After a pleasant and not altogether unforgettable primer of noise collage and diagetic melody, the album reveals its personality of ripe, affected acoustic numbers with “They All Are”. Meanwhile, on “I Can’t Feel Anything but You Anymore”, a parallax of dueling acoustic guitars that sway in and out of rhythmic unison, Rehm sings an echoed, doubled riff vaguely reminiscent of Bowie’s “Five Years”. Numbers like these, among a record of otherwise traditional noise and ambience, are what remain with the listener long after the record has come to its blistering, otherworldly conclusion with frequency-shattering single “Coming Up Roses”.

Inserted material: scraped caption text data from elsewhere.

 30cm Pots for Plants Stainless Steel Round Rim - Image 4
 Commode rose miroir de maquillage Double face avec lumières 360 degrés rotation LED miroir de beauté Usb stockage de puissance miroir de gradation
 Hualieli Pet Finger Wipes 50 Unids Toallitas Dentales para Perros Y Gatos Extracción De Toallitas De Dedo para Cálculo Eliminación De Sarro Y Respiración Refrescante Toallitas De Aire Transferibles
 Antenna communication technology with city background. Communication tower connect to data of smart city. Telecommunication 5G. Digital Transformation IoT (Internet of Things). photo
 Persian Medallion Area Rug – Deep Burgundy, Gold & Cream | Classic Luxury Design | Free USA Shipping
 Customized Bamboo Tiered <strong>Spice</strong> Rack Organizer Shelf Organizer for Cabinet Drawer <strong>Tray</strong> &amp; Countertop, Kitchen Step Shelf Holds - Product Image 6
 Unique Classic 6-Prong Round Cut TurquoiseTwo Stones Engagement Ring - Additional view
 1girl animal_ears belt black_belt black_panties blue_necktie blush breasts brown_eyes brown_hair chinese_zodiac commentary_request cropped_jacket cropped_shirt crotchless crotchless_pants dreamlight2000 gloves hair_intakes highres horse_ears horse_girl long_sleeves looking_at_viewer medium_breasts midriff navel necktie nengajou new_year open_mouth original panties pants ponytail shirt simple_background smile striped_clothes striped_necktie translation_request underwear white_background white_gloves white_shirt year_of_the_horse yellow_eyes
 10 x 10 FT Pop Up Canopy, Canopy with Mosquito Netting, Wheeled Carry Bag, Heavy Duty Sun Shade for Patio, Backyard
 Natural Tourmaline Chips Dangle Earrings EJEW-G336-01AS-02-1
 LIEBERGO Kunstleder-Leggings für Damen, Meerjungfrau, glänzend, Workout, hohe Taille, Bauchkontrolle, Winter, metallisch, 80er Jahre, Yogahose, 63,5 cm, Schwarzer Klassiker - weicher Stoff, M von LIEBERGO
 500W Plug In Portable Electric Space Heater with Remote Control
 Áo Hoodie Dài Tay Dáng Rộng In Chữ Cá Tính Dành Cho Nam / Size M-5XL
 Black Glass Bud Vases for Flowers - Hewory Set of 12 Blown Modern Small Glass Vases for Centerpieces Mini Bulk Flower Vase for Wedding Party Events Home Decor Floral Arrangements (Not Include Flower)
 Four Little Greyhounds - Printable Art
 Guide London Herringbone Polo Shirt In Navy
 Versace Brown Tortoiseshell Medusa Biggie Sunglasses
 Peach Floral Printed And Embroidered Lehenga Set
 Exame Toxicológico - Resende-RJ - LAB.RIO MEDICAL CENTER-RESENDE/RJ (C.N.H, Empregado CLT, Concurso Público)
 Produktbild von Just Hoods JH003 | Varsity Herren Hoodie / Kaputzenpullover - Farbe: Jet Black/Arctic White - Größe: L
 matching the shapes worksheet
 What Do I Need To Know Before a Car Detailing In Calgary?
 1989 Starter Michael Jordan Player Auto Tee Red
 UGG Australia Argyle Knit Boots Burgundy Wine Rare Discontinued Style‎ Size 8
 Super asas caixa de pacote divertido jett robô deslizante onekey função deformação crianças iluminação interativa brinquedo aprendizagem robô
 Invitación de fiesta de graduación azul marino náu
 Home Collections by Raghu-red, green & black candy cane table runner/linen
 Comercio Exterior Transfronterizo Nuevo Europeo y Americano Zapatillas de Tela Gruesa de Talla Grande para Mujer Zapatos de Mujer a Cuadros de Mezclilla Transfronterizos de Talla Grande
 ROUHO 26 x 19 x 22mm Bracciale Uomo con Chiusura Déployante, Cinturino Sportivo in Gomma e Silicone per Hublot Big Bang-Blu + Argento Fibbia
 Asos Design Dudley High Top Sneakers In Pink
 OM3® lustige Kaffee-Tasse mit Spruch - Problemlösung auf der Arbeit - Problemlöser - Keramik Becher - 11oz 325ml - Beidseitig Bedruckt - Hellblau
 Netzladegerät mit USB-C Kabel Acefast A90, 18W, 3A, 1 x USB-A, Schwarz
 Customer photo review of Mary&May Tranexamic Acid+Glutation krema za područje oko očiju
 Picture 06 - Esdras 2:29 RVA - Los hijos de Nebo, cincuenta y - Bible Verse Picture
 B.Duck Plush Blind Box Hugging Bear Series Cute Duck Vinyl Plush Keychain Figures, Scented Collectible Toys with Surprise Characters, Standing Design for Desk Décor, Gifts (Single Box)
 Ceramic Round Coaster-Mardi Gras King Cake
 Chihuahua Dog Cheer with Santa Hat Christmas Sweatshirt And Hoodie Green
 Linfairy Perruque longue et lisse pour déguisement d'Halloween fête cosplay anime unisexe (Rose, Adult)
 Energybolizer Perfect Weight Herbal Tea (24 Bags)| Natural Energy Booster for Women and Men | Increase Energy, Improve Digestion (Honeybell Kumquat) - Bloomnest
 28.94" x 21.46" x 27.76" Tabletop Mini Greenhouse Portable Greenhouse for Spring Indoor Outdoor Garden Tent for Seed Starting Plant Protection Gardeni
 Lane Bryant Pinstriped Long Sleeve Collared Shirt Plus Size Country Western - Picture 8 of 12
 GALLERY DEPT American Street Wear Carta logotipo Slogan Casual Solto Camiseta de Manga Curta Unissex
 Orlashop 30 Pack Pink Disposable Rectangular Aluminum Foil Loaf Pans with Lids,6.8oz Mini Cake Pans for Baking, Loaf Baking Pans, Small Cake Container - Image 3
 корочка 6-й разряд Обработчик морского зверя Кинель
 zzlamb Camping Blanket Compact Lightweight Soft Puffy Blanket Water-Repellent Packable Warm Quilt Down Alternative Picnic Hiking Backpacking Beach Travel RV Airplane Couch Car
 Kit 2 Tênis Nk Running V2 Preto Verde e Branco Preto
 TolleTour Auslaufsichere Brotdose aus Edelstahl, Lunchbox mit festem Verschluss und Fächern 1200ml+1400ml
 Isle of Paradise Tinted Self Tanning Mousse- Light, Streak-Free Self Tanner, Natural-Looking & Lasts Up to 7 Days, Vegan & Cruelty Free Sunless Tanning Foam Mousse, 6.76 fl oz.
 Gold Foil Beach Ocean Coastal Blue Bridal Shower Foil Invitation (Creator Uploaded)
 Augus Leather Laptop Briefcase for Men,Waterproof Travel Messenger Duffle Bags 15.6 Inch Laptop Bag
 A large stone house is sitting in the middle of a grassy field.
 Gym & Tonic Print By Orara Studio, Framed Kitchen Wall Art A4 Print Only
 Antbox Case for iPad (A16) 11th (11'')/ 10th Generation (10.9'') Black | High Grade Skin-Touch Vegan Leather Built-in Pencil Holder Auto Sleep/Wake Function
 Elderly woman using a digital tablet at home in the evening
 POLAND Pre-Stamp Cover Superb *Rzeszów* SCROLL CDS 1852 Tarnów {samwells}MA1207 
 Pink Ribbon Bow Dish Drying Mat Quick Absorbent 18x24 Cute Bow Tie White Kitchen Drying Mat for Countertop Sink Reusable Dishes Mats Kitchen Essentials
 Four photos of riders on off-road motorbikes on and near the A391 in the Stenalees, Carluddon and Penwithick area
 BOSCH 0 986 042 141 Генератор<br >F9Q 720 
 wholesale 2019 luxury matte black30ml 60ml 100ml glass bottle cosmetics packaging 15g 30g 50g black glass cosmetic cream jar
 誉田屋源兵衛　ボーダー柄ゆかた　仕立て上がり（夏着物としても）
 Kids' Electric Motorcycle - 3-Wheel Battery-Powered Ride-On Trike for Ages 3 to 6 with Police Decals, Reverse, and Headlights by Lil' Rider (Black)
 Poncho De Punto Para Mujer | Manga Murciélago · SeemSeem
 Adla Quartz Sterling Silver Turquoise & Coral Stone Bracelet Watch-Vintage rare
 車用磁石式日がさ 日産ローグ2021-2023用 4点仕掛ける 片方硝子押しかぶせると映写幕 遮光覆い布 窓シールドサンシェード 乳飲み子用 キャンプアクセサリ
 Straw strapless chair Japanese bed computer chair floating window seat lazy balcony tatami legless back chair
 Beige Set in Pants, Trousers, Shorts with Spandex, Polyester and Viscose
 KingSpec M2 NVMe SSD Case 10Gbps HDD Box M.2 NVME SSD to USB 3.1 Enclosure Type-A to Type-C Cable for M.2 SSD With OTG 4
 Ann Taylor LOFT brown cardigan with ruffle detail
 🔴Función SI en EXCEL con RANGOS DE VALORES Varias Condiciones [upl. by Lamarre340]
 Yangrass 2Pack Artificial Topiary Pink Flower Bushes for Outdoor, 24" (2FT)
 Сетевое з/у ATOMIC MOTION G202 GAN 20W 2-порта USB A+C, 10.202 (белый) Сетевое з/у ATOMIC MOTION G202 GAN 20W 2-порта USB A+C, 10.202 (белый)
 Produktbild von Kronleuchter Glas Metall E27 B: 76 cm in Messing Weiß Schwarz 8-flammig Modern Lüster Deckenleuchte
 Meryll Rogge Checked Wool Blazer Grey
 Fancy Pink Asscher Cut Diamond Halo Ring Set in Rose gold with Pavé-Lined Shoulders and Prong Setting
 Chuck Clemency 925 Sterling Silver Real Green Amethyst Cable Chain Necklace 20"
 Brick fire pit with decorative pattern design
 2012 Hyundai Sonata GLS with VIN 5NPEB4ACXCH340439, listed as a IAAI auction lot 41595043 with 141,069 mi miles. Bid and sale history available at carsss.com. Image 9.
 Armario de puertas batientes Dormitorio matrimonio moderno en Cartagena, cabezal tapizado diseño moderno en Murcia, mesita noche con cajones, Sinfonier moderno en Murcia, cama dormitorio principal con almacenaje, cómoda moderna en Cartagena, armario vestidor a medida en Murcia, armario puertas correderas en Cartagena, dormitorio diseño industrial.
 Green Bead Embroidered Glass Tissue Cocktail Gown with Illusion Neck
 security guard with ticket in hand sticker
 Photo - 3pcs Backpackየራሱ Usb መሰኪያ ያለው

Perhaps it’s the presence of bleeding melody seeping from almost every crevice of Elephant Ring that will hold the attention not just of musical aficionados and fellow ambient musicians but of the listening public as a whole. Though sonic meandering tends to be a breeding ground of new ideas and creative techniques, Rehm doesn’t meander here; and if there lacks, in Elephant Ring, any game-changing or wheel-inventing influence, it is more than balanced by a focus of musical identity and the quality of material on display. In short, this record isn’t a traditional fuckaround release in any sense of the phrase, rather a standalone offering devoid of sophistication but masterfully intelligent and accessible. It might not be considered the most groundbreaking ambient record of 2012, but [i found an] Elephant Ring [and gave it to you] is certainly the most rewarding so far.